Dans ces conditions, avec quels États, quels gouvernants, quels peuples, ceux qui, en France, souhaitent bâtir une « autre Europe » qui correspondrait aux desiderata des Français, vont-ils le faire ? Question sans réponse qu’éludent systématiquement les partis qui proposent une “Autre Europe”.

C’est parce qu’il n’y a personne en face pour répondre à ce souhait des Français que l’Autre Europe est un mythe.
Et si ce mythe est diffusé à satiété dans nos médias, pourtant entièrement verrouillés par les intérêts euro-atlantistes, c’est bien que ces intérêts y trouvent leur compte.
Le mythe de l’Autre Europe sert à endormir nos concitoyens et à tuer dans l’œuf tout début de prise de conscience et tout embryon de remise en cause réelle du processus d’asservissement en cours.

Nos compatriotes de bonne foi, qui n’osent pas aller jusqu’au bout de la logique et qui imaginent encore, comme leurs parents l’ont fait depuis cinq décennies, pourvoir bâtir une « autre Europe », doivent donc bien mesurer la conséquence très concrète de leur attentisme :

  • chaque jour ouvrable, la France PERD ENVIRON 800 À 1000 EMPLOIS INDUSTRIELS,
  • chaque jour, la France verse à fonds perdus et sans retour 20 millions d’euros à l’Union européenne,
  • chaque jour, des nouvelles remises en cause de nos acquis sociaux et de nouvelles contraintes liberticides nous proviennent de Bruxelles comme autant d’oukases piétinant l’essence même de notre République et de notre démocratie,
  • chaque jour, des soldats français, engagés dans une coalition euro-atlantiste, meurent en Afghanistan ou y participent à des crimes de guerre, que les médias qualifient de “bavures”,
  • chaque jour, la France perd de l’influence et de la sympathie dans le monde,
  • chaque jour, la langue française et le rayonnement intellectuel et moral de la patrie de Voltaire, Jaurès et Charles de Gaulle, s’affaiblit un peu plus.

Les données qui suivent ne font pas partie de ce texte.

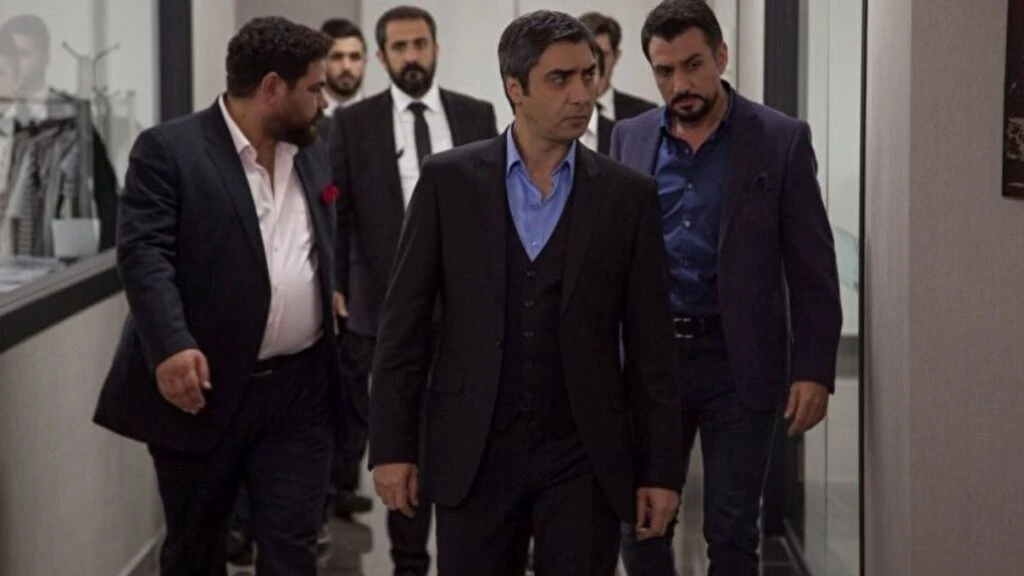 Kurtlar Vadisi dizisi yeniden mi başlıyor? Kurtlar Vadisi oyuncuları!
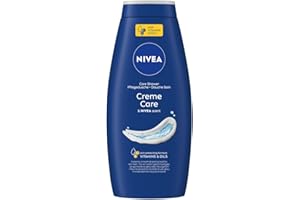 ‎NIVEA NIVEA Creme Care Kremowy pielęgnujący żel pod prysznic do ciała 750 ml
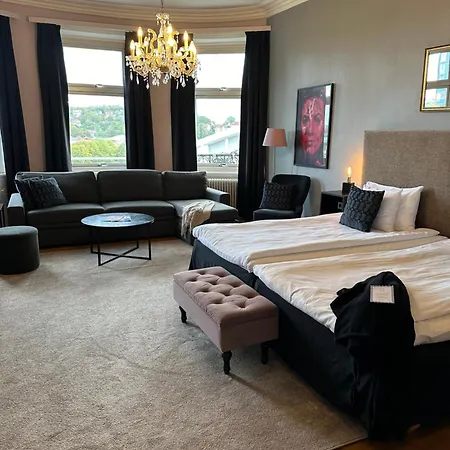 Onyxen, Boutique- & Lifestyle, Adults Only Hotel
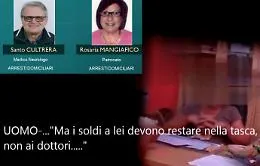Cos&igrave; si aveva il certificato d'invalidit&agrave;: mazzette, regali e viaggi a medici e funzionari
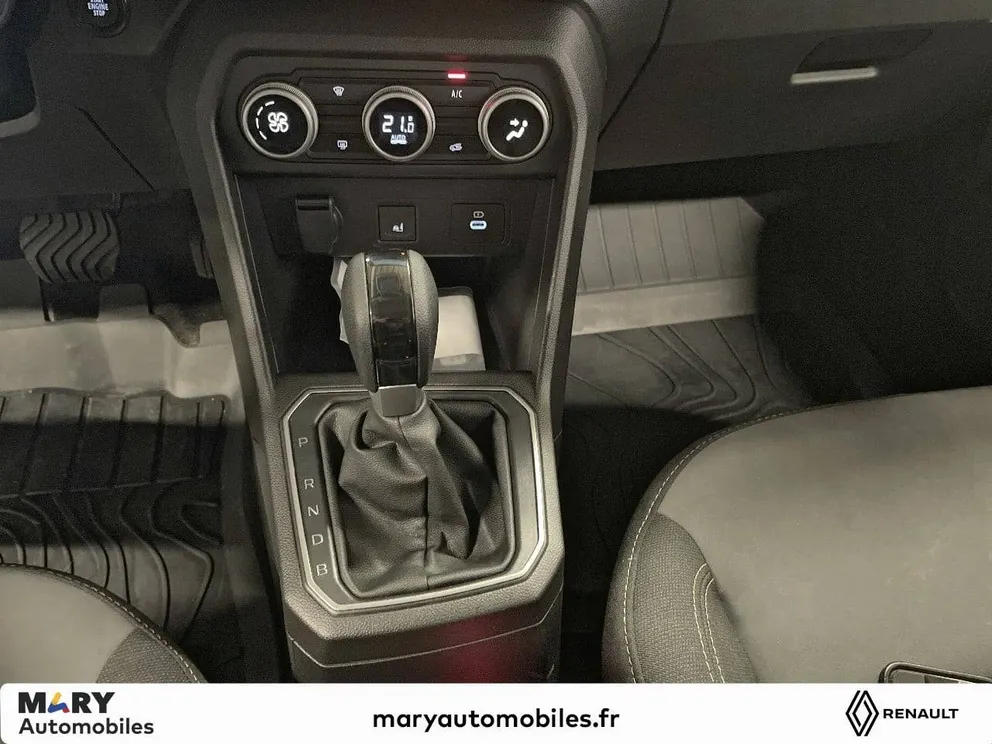 Véhicule occasion 234063 - dacia JOGGER - Photo 13
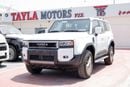 Toyota Prado TOYOTA PRADO ALL-ROUNDER 2.4L 2025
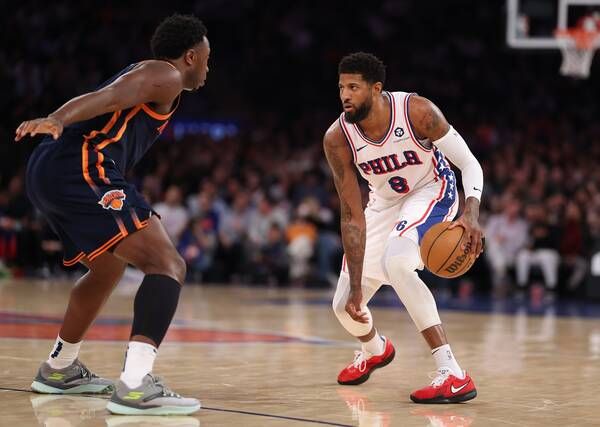 مباراتان تحضيريتان من NBA في أبوظبي مباراتان تحضيريتان من NBA في أبوظبي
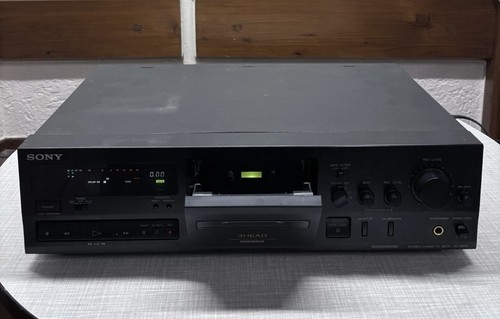 Sony k611s dolby - sony, tc-k611s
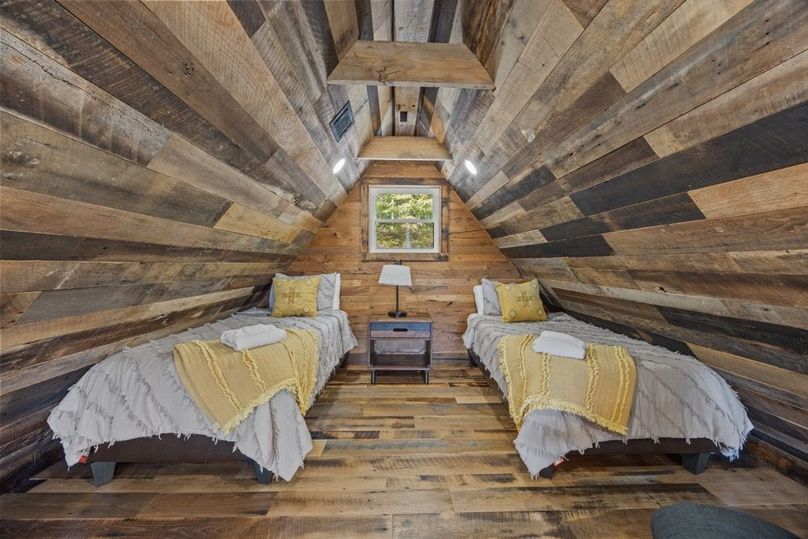 059 the coziness of the loft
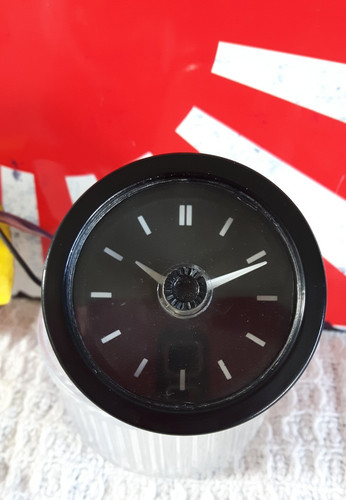 Orologio cruscotto - cruscotto,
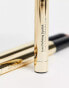 Фото #3 товара Bobbi Brown Luxe Defining Lipstick - Redefined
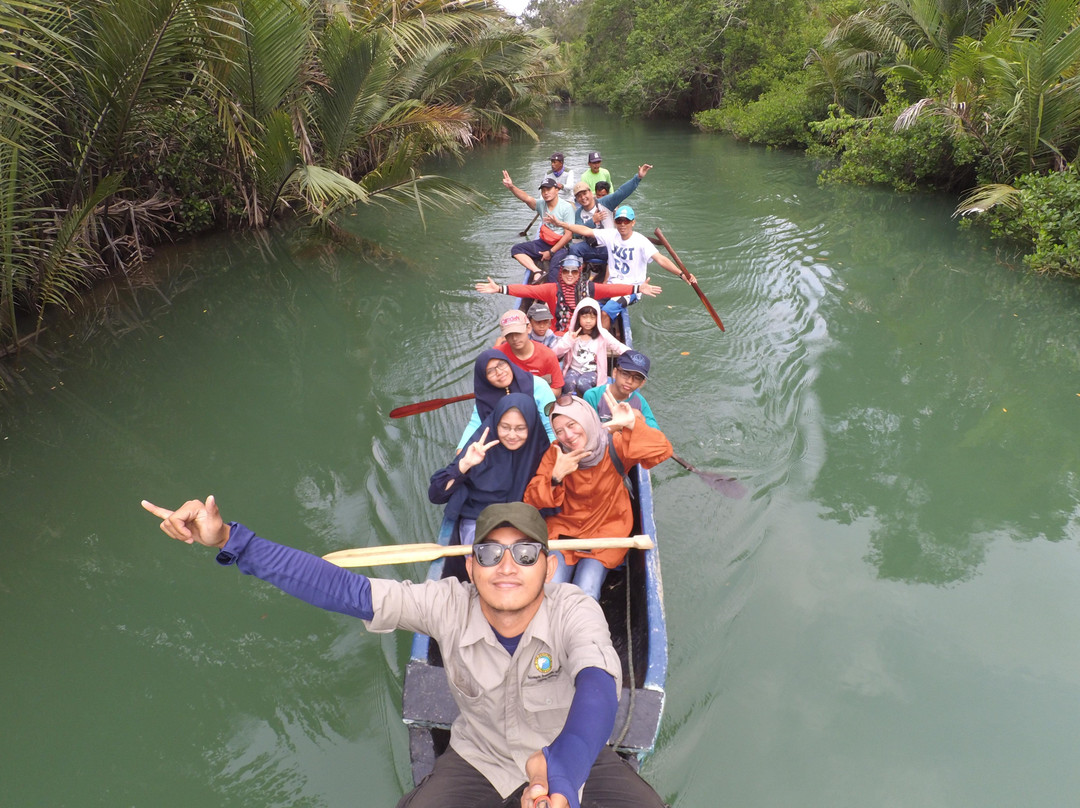 huddan zulkarnaen-Pandeglang必去景点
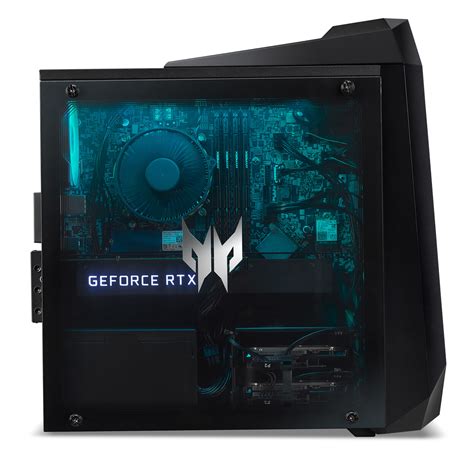 The orion 9000 employs acer's icetunnel 2.0 technology to keep itself cool. Acer refreshes the Predator Orion 3000 gaming desktop with 10th-generation Intel CPUs; prices ...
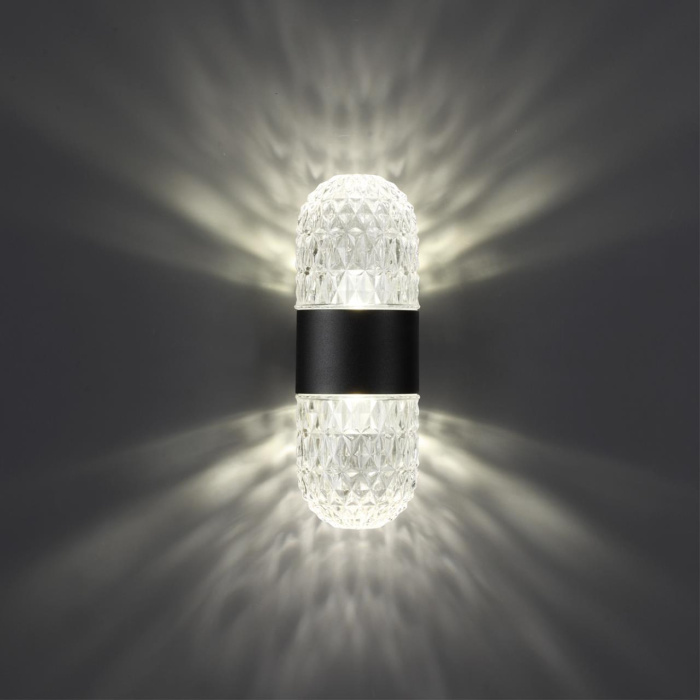 Настенный светильник Novotech Estima 359296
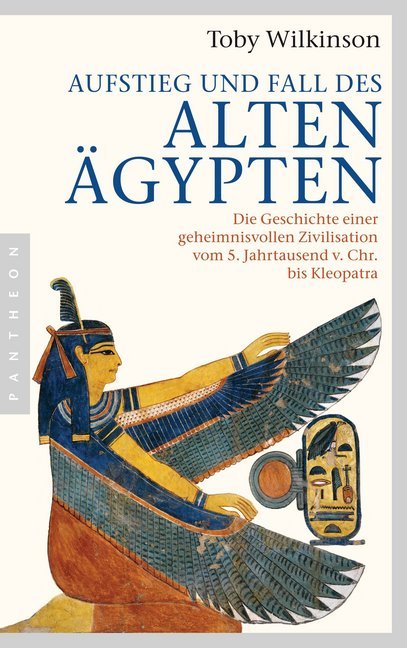 Aufstieg und Fall des Alten Ägypten main product photo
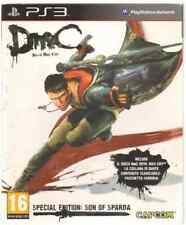 dmc devil may cry usato  Rimini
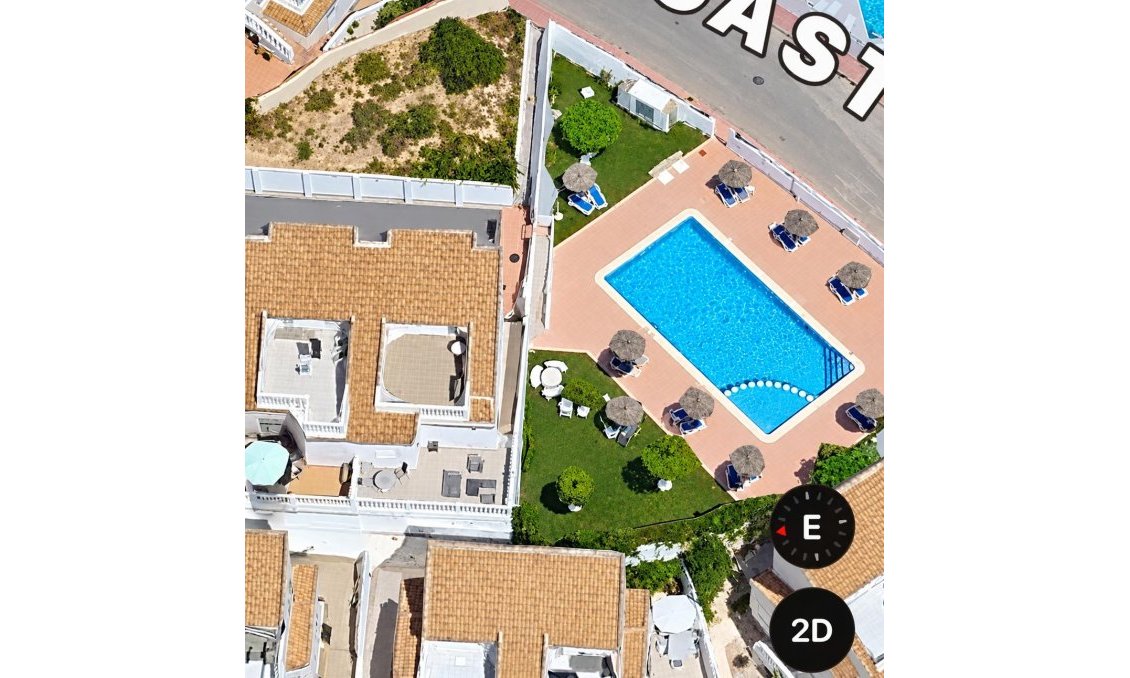 Segunda mano - Adosado -
Ciudad Quesada - Costa Blanca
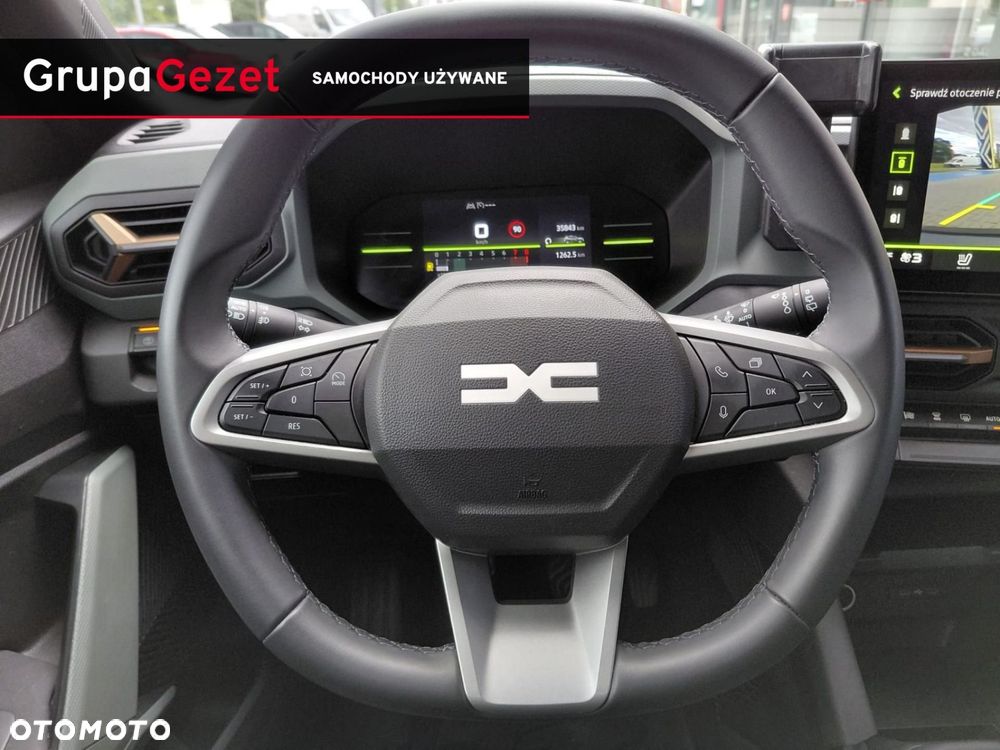 Dacia Duster - 14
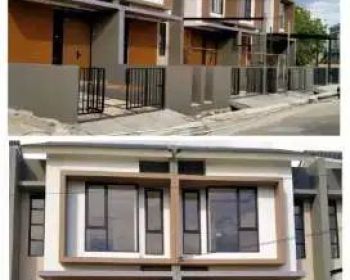 Perumahan grand bukit dago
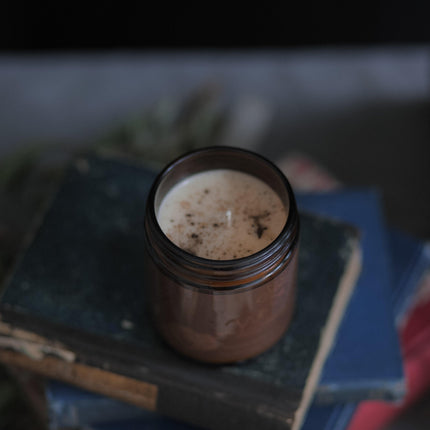 Cinnamon Chai Candle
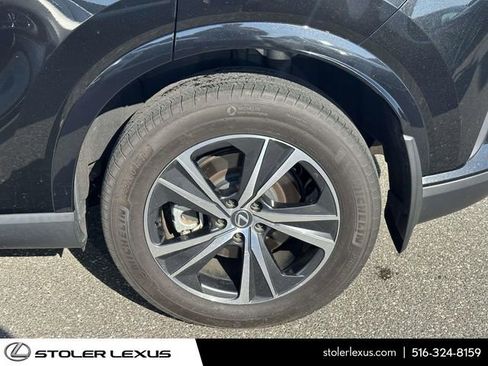 Used 2023 Lexus RX 350 Premium w/ Accessory Package image 23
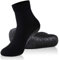 RANDY SUN Sockenschuhe Damen & Herren, Beach Barfußsocken, Schnell Trocknend Strandsocken mit TPE-Sohle, Strandschuhe für Beachvolleyball, Surfen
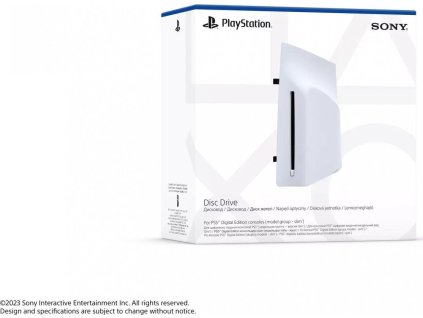 SONY PlayStation Disc Drive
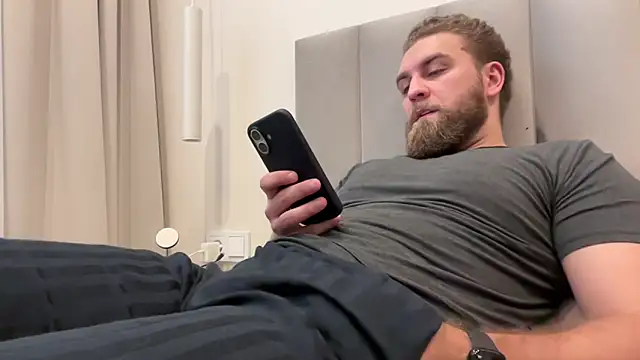 Bear bear  online show from March 14, 2:13 pm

Il y a donc une TRÈS, TRÈS GRANDE URGENCE à sortir de cette « prison des peuples » qu’est la construction européenne.

ATTENDRE ENCORE, C’EST FAIRE LE CHOIX DE SOUTENIR NOTRE AUTO-DESTRUCTION.

Car comme le dit le proverbe chinois que j’aime à citer dans l’une de mes conférences : « C’est dormir toute sa vie que de croire à ses rêves ».